On May 14, the Madison mom pulled her daughter out of second grade at Schenk Elementary on Madison's east side, citing persistent bullying and what she felt was an inadequate response. "You have fallen well short of your responsibility," she wrote the principal, Emmett Durtschi.
Talaro says her daughter was "tormented" by other students, to where she often came home crying. She was made fun of for her name and for her clothes. One boy "threatened to bash her head in with a rock." Talaro says she and her husband and daughter all asked school officials to intervene, to no avail. At one point, Talaro says, the girl was admonished to "stop tattletaling" on other kids. She thinks schools officials "are afraid to enforce the rules."

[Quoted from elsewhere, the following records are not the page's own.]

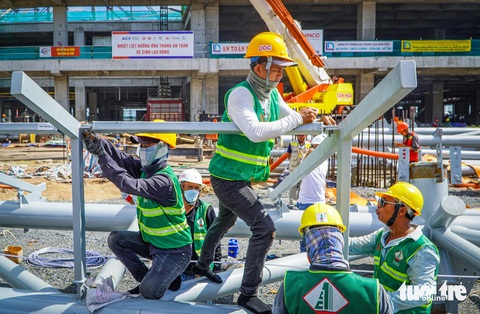 Nhà ga T3 Tân Sơn Nhất đã hoàn thiện xây thô cơ bản, phấn đấu vượt tiến độ 2 tháng- Ảnh 6. Trên công trường đã huy động hơn 2.000 công nhân và kỹ sư, hàng trăm máy móc thiết bị làm việc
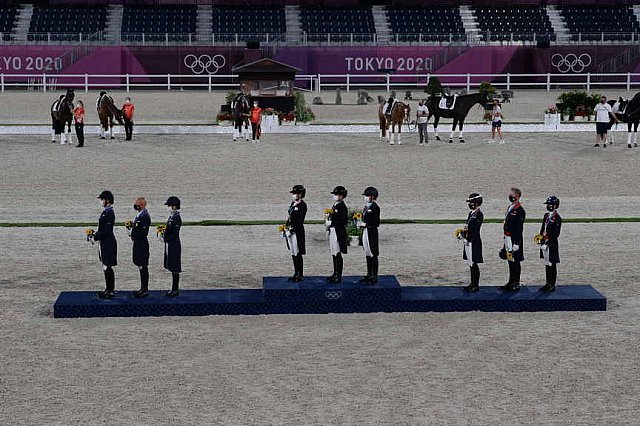 OLY-2020-DRESSAGE-GP SPECIAL AWARDS-7-27-21-4962-DDEROSAPHOTO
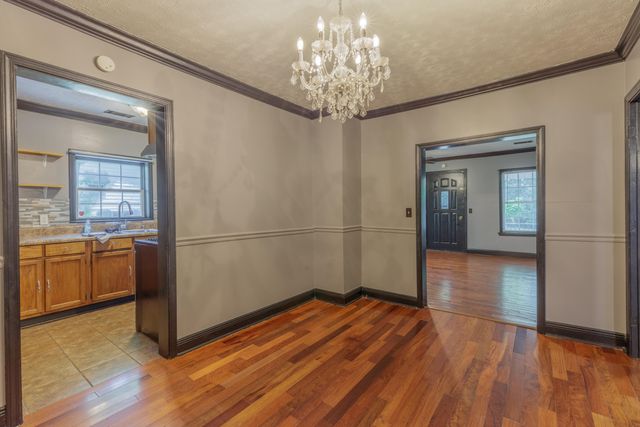 701 N Duke Street, Lafayette, GA 30728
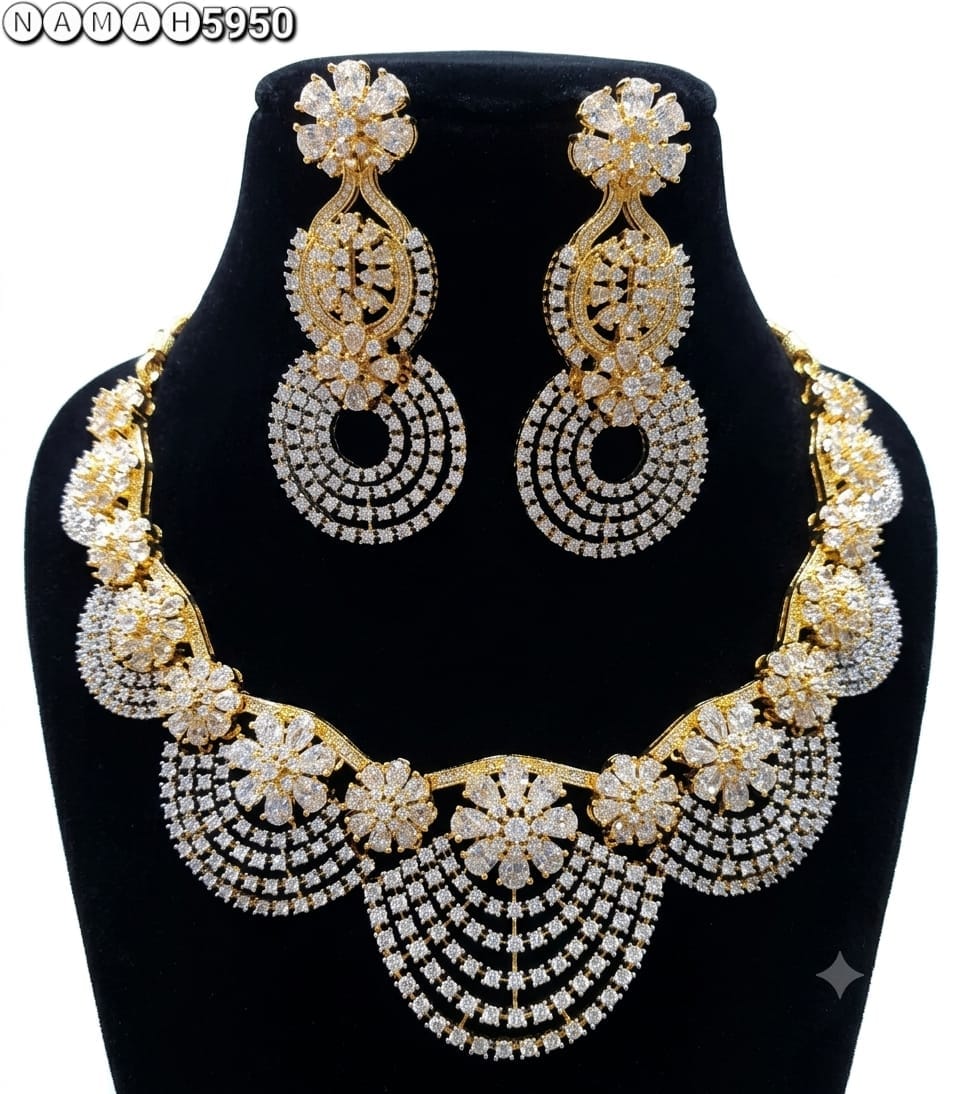 Yellow American Diamond Design Necklace Jewellery Set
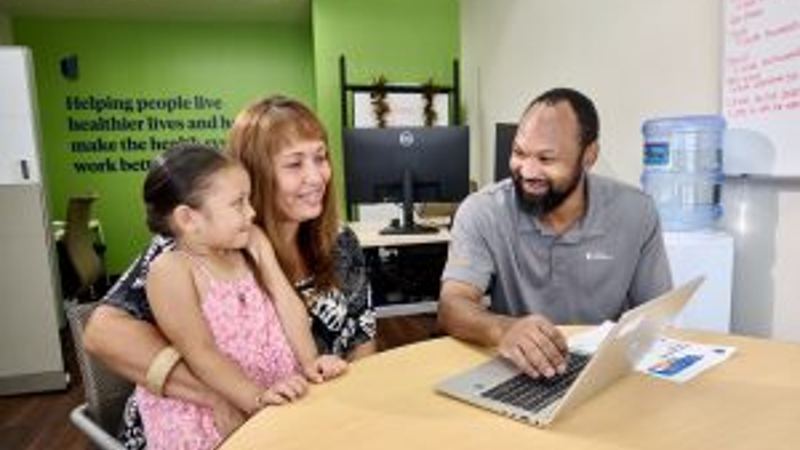 Op-Ed: Growing together, navigating pregnancy and family support across Hawaiʻi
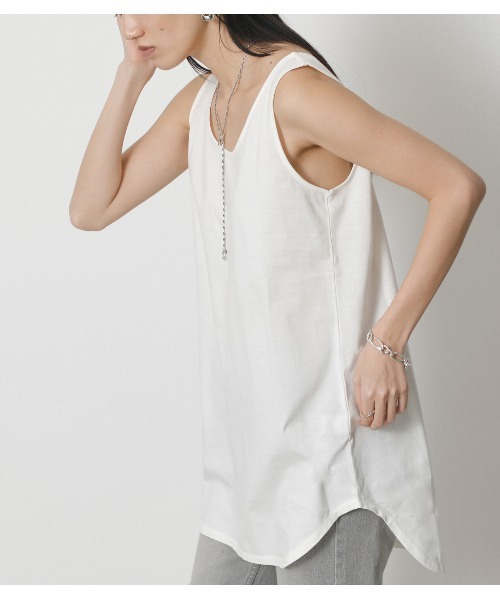crie conforto（クリーコンフォルト）の「シャツテールタンク（タンクトップ・レディース・オフホワイト・MEDIUM/SMALL/LARGE）」の4枚目の写真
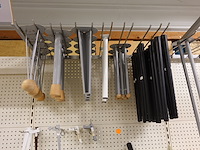 Volledige inhoud rek diversen - afbeelding 5 van  9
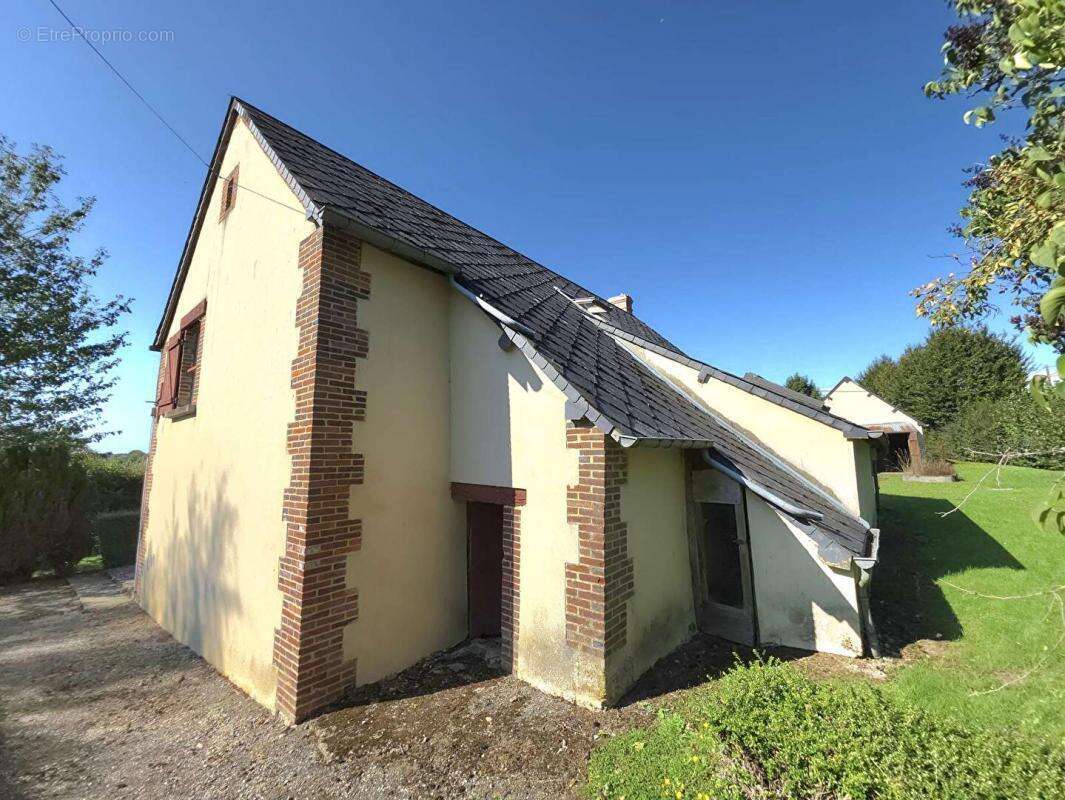 Maison à LA FERRIERE-AU-DOYEN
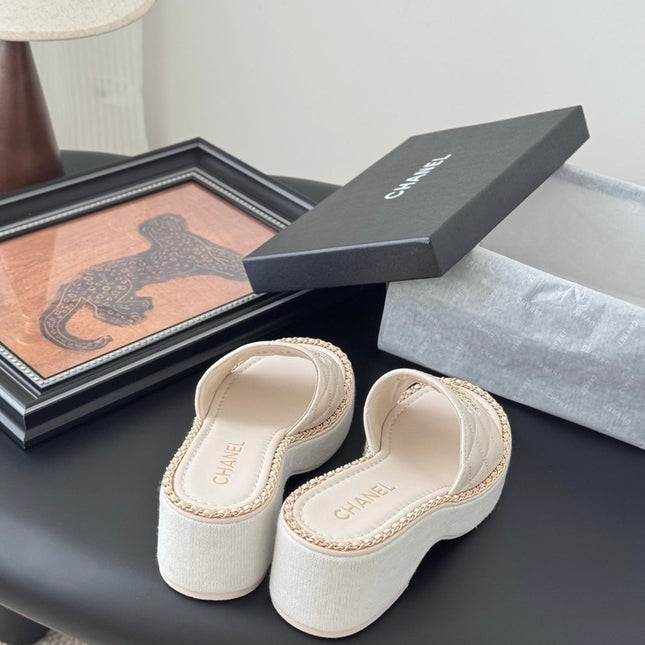 WEDGE HEELS IN HIGHT BEIGE CALFSKIN MIX CHAIN BASE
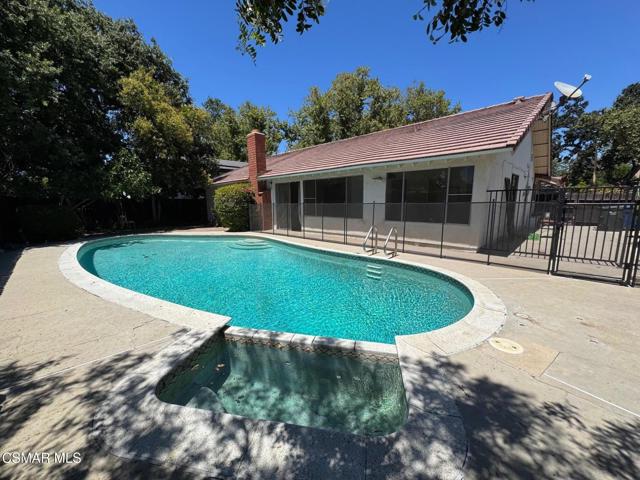 2722 Appalachian Court, Westlake Village CA: https://media.crmls.org/mediaz/be76b312-8ee3-411b-aa5f-97dcc74caeeb.jpg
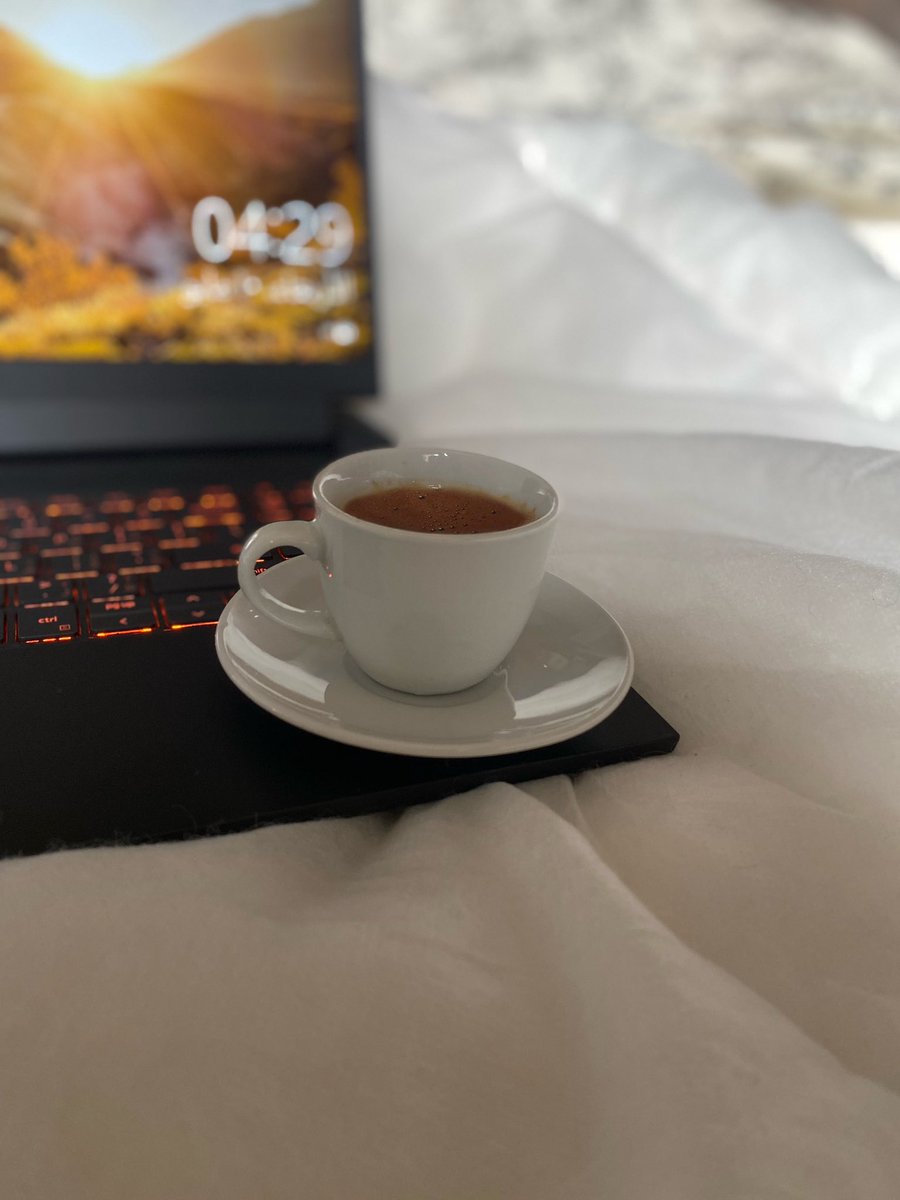 الإنسان الذي يعارضك يمنحك قيمة ويقدّر وقته معك؛ لأنه يؤمن بنضجك واختلافك وإلّا لَمَا أضاع وقته في مناقشتك، فالأطفال وحدهم هم الذين لا نستطيع معارضتهم وتوضيح مقاصدنا لهم؛ لأنهم ليسوا ناضجين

Durtschi, in a written reply to Talaro, expressed regret and offered to "work together with the classroom teacher to resolve this." But Talaro said she had lost confidence in school officials and stuck with her decision. As of the end of classes this week, her daughter will have missed 21 days of instruction; she's enrolled to attend a different elementary school next fall.
While unable to discuss specific cases, Durtschi tells Isthmus that "in the public schools, bullying is always an issue," one that receives much attention. The primary focus is on prevention, but appropriate consequences are imposed in more serious situations. Sometimes, though, confidentiality rules prevent school officials from telling parents what has been done to children other than their own.
What would Durtschi do in a case, say, where one student threatened to bash in another's head with a rock? "I don't want to answer questions that are hypothetical like that."
The problem, for the Talaros, is that such questions are not hypothetical.